‘The Walking Dead’ Has A Negan Problem


Even if it weren’t my job to follow The Walking Dead, I would continue to watch it. Into the seventh season now, I am devoted to these characters, I am invested in the universe, and I believe that hopeful, funny episodes like last week’s Ezekiel-centered one outweigh the bad on this show.

With that said, as someone who is a huge defender of this series, this week’s episode was, in my opinion, too much. The violence I can stomach, the zombie kills I relish, but when it comes to the way that this series psychologically breaks down characters, it is hard to watch and almost impossible to enjoy.

I don’t want to admit it so soon, especially after he’s only had three episodes with which to play, but Negan is a problem for The Walking Dead, and a problem in a way he wasn’t for the graphic novels. In the Robert Kirkman’s source material, Negan is sinister and brutal, but in the way he speaks, he also brings some comic relief with him. While he’s certainly the worst villain of the The Walking Dead’s comic run, he is also a villain we were excited to see, like for instance Mags Bennett in Justified.

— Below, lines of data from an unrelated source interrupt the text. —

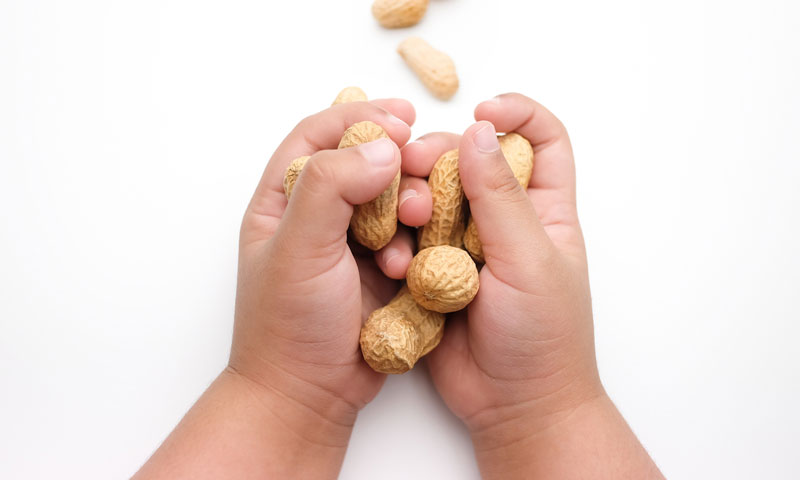 Manos de niño sosteniendo cacahuates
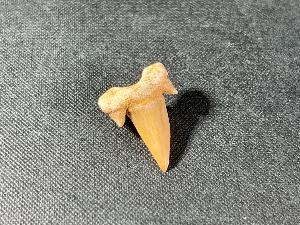 Otodus obliques Lamna Shark Tooth, from Morocco (REF:LAMST9)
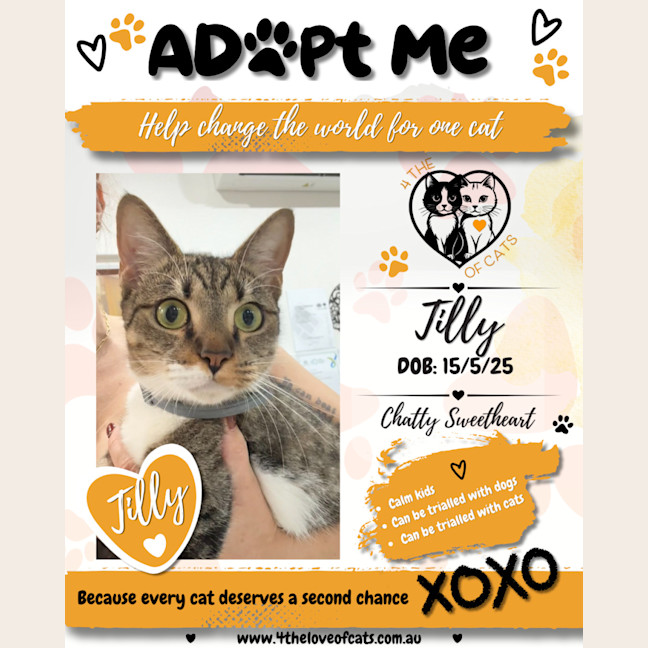 Photo of Tilly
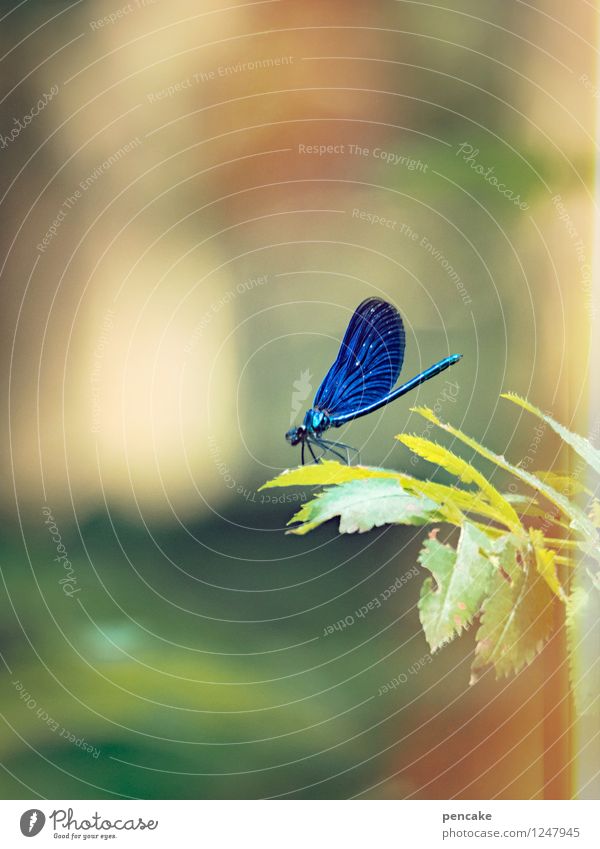 blueness Nature Beautiful weather Forest Animal 1 Breathe Observe Touch Crouch Looking To swing Esthetic Exceptional Elegant Blue Bizarre Idyll Dream Dragonfly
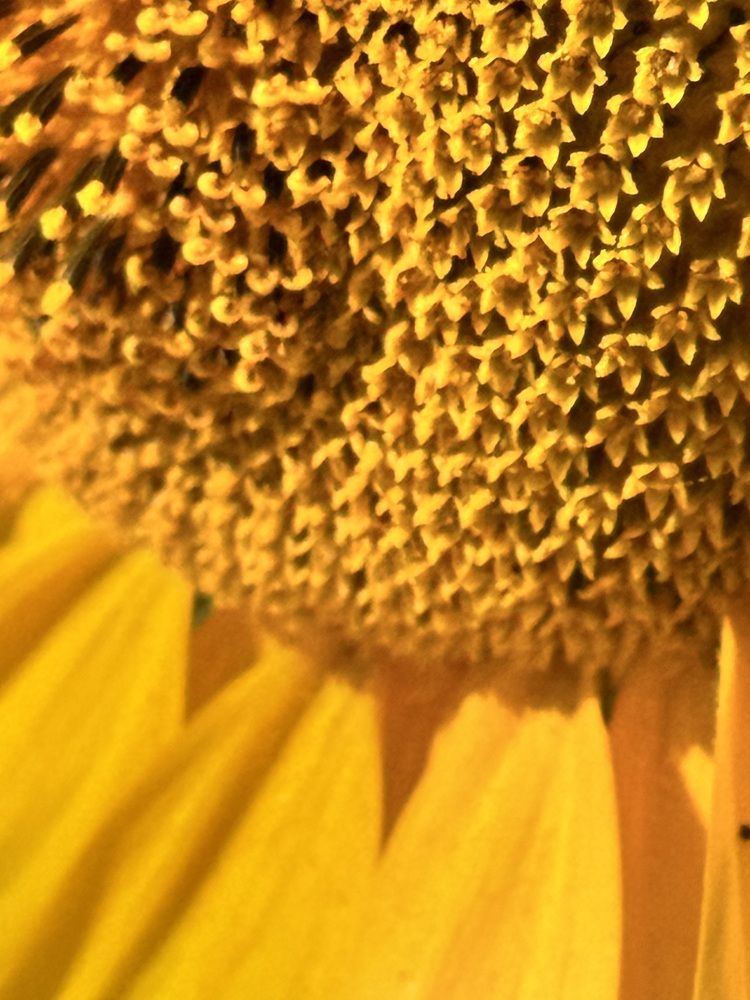 Фотография автора Галина Шиманцова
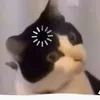 phomaiiii07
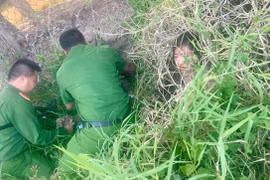 Bắt giữ cặp đôi “đạo chích” lẩn trốn trong bụi cỏ ở Ninh Thuận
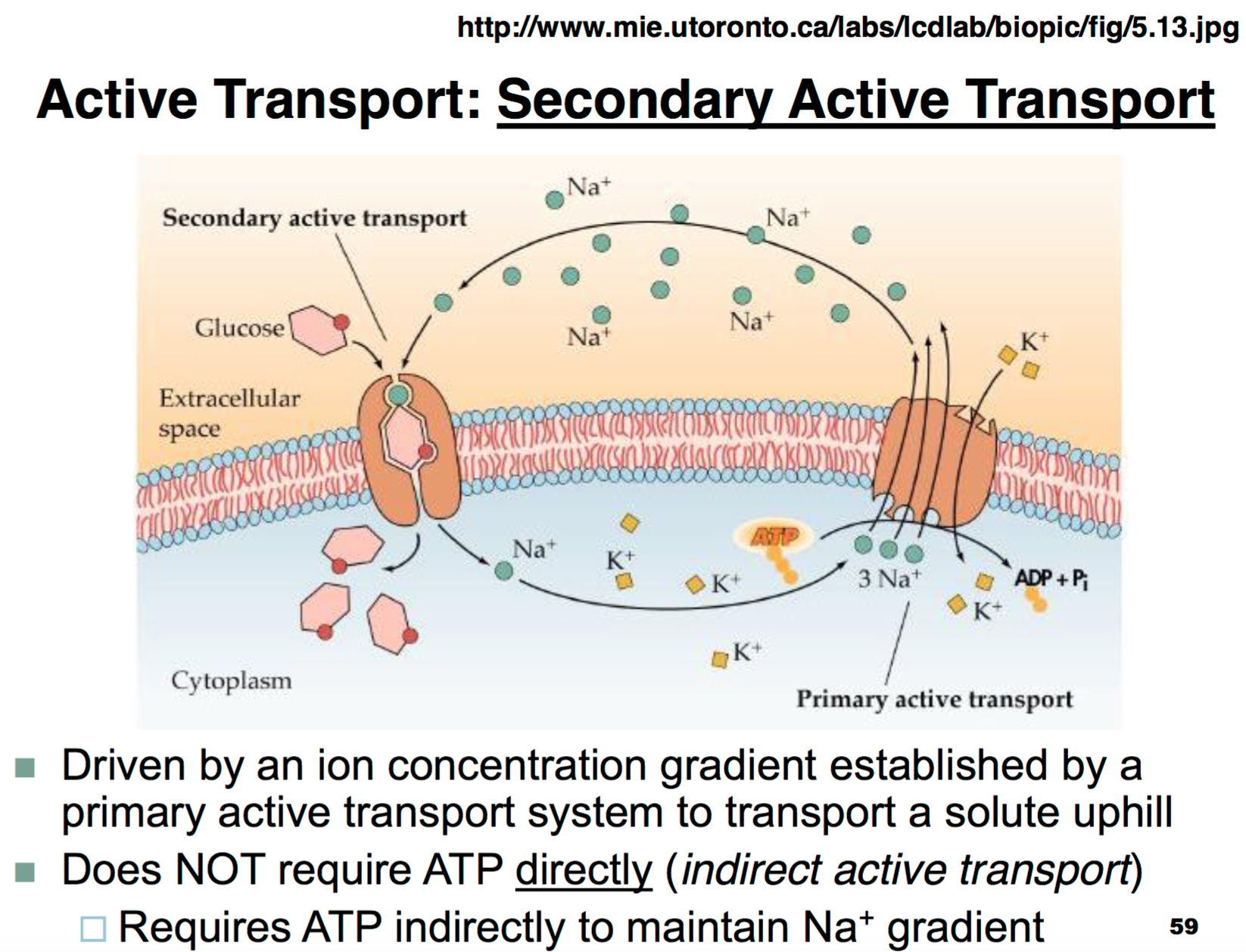 Secondary system. Active transport. Primary and secondary Active transport. Активный транспорт инов. Microorganism Active transport.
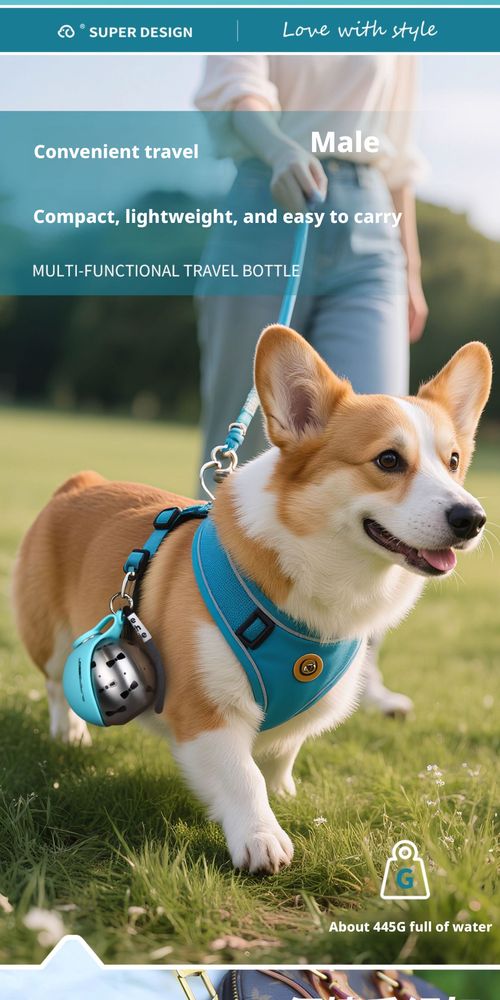 Portable Stainless Steel Pet Water Dispenser for Dogs & Cats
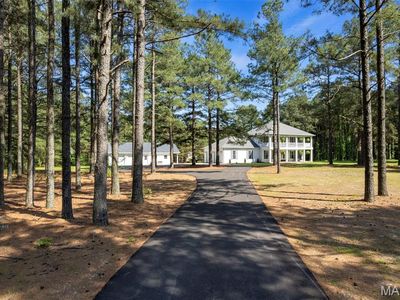 50 Grand Mesa
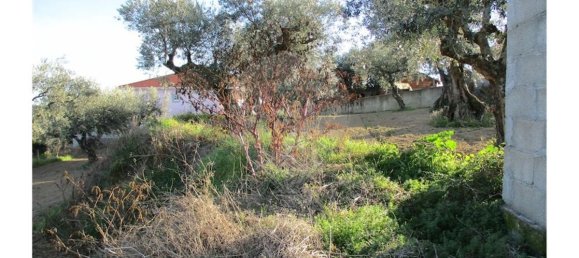 9 bedrooms House in Fundao, Portugal No. 58549 6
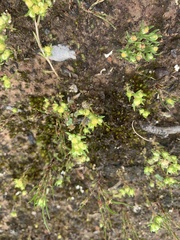 Siloxerus multiflorus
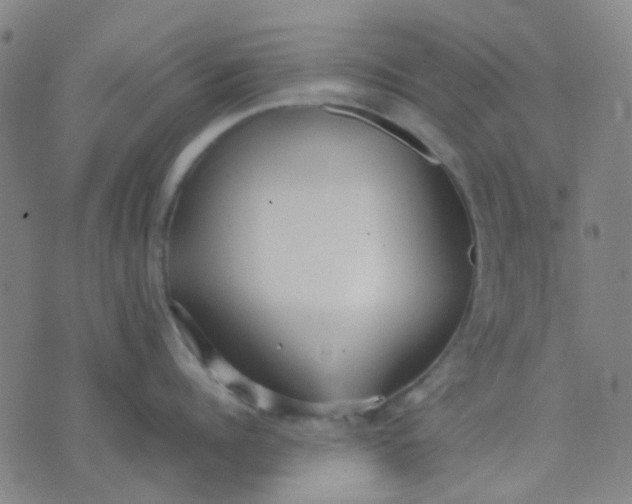 X0000074310960200609081939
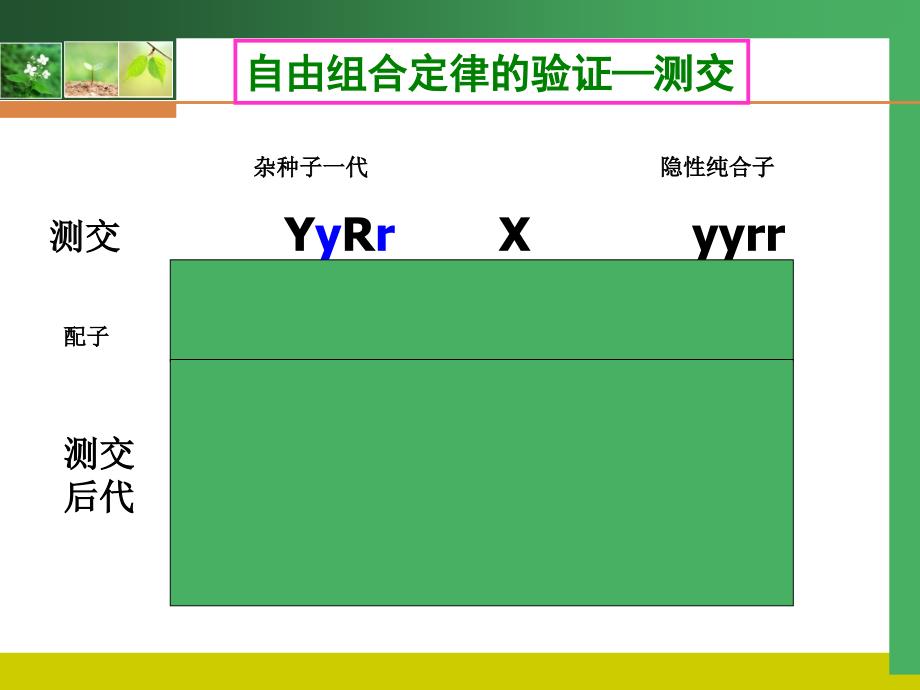 基因自由组合定律复习课件_第4页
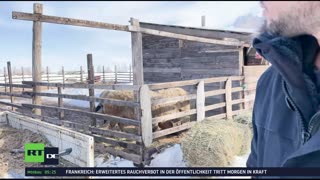 RT DE Live-TV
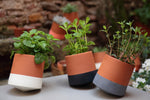 Tip Mini moving plant pot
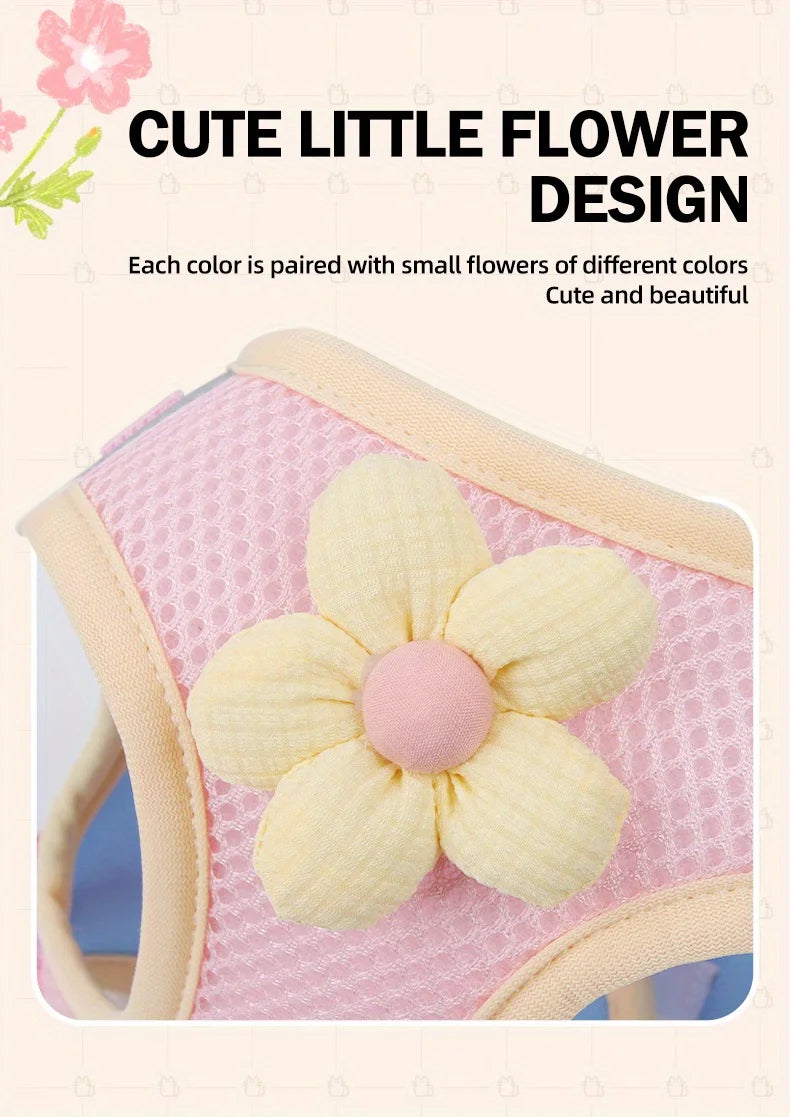 Breathable Mesh Pet Harness and Leash Set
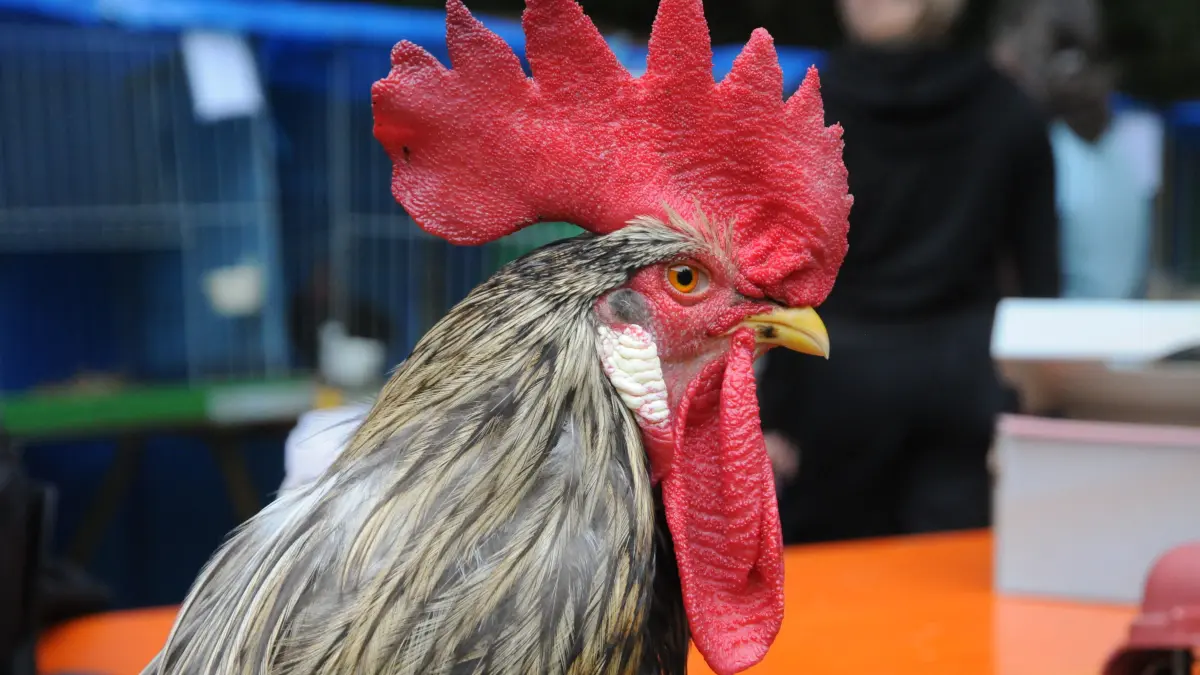 Kulturgut und liebenswertes Hobby oder Tierquälerei? Dazu gibt es unterschiedliche Ansichten.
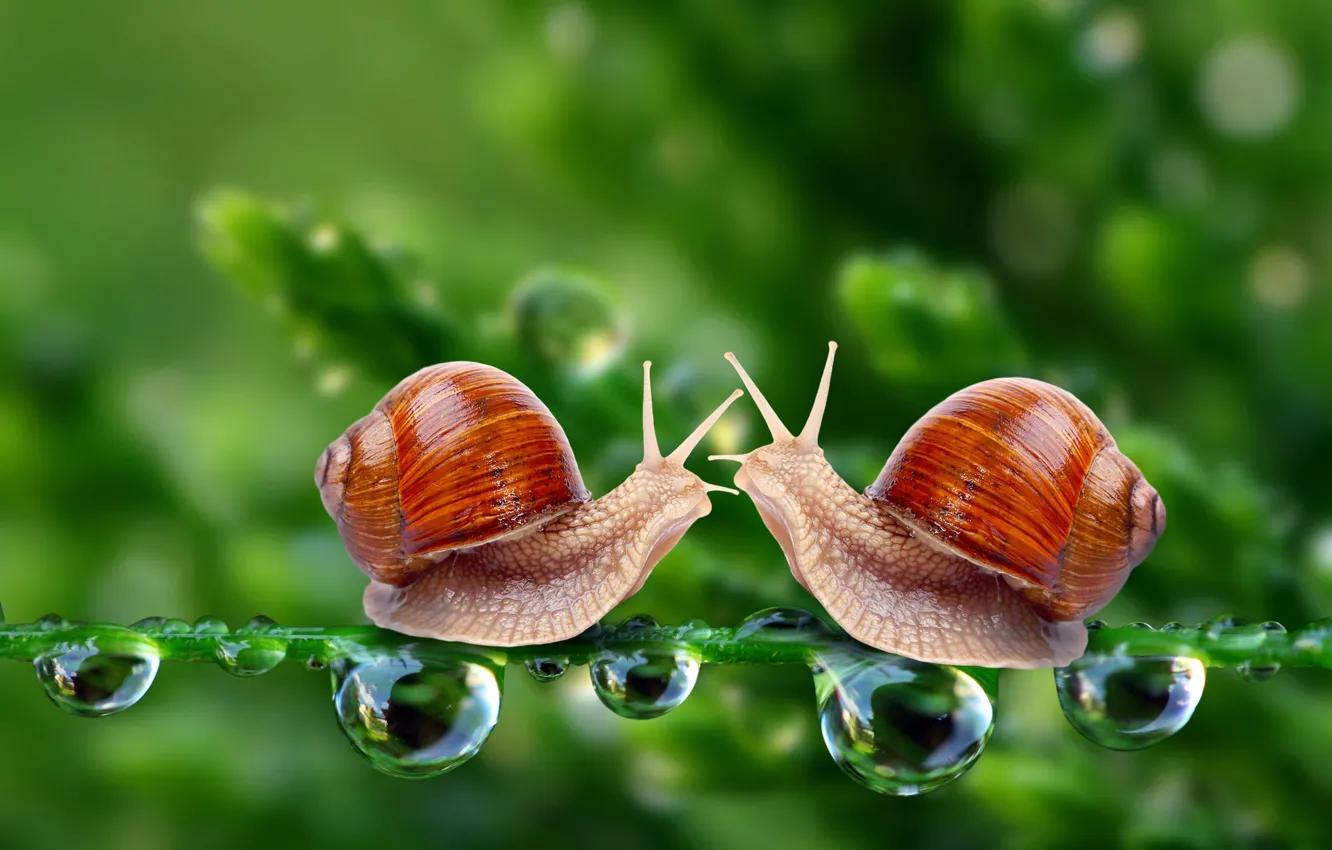 Photo wallpaper drops, macro, meeting, snails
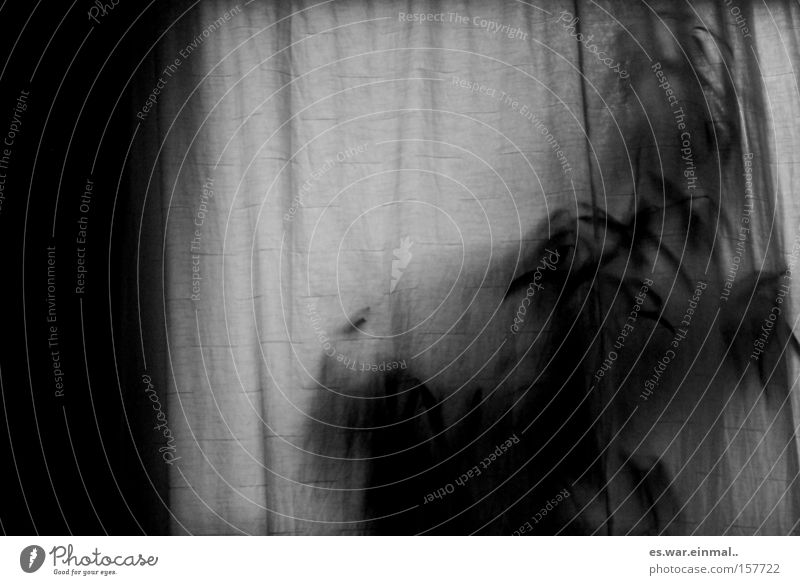 behind. Pflanze Sträucher Blatt Grünpflanze Fenster Wintergarten Vorhang dunkel Traurigkeit Trauer Schmerz Sehnsucht Angst bequem geheimnisvoll Leben Stil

While Jeffrey Dean Morgan is excellent as Negan, the comic relief doesn’t come through in his character on the television series. Those lines that are deliciously sinister in the comics are plain cruel in the series, and this week’s episode, “The Cell,” is the perfect example of that. Granted, we didn’t have a Daryl in the graphic novels — and arguably, no one the television audience is as attached to as much as we are attached to Daryl — but this week’e episode was thoroughly unpleasant to watch from start to finish. It didn’t let up. There was no respite from the cruelty, the fear, or the psychological torture of Daryl Dixon. For an hour, we watched Negan break him down. Maybe we were supposed to feel some relief in the end when Daryl didn’t cave to Negan’s demands and pronounce himself a “Negan,” but personally, it made me even more ill to know that the worst is yet to come from Daryl Dixon.

I understand what the show is attempting to do. It’s a classic trope: Turn our heroes into underdogs. In the long term, it might work to ensure that the eventual defeat of Negan will be incredibly satisfying for the audience, but I’m not so sure that any comeuppance can even out the score. Negan bashed in Abraham’s brains, he murdered Glenn to death, he broke Rick, and now he’s turned Daryl into a play toy. Without killing him and digging him up to kill him again, how will getting revenge on Negan ever be satisfying enough to justify his cruelty?

It’s hard to stomach. It’s hard to watch Daryl eat dog-food sandwiches, listen to the same song on repeat, and then get beat up for attempting to escape. While the episode was effective in humanizing both Dwight and his (ex) wife, Honey, it also suggested — in a believable way — that being dead was better than living under the thumb of Negan. Hoping that characters will die just to save them from their misery should not be the point of a television series. While Negan is in the picture, that’s exactly where my head is at. I like Daryl so much that I wish him death just to spare him from more of Negan’s cruelty. “If Daryl doesn’t die, we riot!”

Negan, at least for now, has snuffed out hope on The Walking Dead, and a show without hope is an unpleasant show to watch. Last week, I heard that this was supposed to be the second episode of the season, but that showrunner Scott Gimple switched it with last week’s Ezekiel episode to spare us from too much misery. That was a good call, but it didn’t spare us from the misery so much as it prolonged it. The Walking Dead desperately needs to give us some hope with which to cling to, and soon, because I don’t know how much more Negan porn we can handle.